Excerpts from a dataset
↓↓↓

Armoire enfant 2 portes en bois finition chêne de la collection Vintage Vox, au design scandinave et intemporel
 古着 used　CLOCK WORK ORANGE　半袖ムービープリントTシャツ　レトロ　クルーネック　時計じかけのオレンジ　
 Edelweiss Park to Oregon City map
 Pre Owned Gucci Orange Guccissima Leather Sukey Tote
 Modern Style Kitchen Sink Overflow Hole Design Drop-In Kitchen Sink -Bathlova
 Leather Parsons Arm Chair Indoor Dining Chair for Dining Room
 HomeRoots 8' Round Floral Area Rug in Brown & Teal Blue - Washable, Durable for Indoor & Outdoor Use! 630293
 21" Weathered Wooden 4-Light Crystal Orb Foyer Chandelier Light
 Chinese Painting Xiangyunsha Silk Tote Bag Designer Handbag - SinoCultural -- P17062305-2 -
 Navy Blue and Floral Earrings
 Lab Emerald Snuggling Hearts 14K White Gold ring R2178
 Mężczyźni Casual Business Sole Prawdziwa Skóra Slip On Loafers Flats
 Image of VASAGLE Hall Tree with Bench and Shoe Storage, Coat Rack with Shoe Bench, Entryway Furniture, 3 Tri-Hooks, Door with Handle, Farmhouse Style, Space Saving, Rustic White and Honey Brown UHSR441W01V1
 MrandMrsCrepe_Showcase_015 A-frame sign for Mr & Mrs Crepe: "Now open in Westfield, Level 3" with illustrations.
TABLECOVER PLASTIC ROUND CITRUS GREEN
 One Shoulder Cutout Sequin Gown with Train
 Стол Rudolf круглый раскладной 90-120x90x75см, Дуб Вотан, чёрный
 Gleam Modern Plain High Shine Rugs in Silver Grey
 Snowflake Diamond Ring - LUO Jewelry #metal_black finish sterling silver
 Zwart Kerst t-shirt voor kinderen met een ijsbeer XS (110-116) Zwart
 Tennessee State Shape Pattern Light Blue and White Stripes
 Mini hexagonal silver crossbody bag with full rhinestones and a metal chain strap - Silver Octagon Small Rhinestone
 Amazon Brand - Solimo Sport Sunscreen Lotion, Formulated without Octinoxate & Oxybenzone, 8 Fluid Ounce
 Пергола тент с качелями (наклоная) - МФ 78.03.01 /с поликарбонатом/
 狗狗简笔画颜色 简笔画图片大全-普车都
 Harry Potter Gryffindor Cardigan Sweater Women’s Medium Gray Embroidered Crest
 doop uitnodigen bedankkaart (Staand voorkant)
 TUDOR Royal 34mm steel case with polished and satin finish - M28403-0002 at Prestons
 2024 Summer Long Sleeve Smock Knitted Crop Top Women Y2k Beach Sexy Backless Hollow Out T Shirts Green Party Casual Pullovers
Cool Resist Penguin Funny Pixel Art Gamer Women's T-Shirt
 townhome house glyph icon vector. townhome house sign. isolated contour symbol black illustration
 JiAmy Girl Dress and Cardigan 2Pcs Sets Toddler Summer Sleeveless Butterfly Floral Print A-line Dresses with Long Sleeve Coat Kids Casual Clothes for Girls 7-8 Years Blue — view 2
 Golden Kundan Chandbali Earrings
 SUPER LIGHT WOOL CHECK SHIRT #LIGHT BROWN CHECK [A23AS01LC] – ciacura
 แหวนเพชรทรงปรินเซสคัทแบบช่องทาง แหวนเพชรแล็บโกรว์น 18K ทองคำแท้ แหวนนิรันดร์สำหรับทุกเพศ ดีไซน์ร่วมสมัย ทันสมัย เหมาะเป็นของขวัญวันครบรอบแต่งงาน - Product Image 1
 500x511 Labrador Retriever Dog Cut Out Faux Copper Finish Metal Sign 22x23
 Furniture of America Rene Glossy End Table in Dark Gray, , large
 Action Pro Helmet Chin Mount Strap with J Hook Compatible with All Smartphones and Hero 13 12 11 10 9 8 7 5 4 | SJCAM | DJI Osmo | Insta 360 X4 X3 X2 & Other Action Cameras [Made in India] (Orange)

↑↑↑

**Directions:**
Filter the entries down to the lines holding the string "Floral". Copy each of those lines.

**Answer space:**
 HomeRoots 8' Round Floral Area Rug in Brown & Teal Blue - Washable, Durable for Indoor & Outdoor Use! 630293
 Navy Blue and Floral Earrings
 JiAmy Girl Dress and Cardigan 2Pcs Sets Toddler Summer Sleeveless Butterfly Floral Print A-line Dresses with Long Sleeve Coat Kids Casual Clothes for Girls 7-8 Years Blue — view 2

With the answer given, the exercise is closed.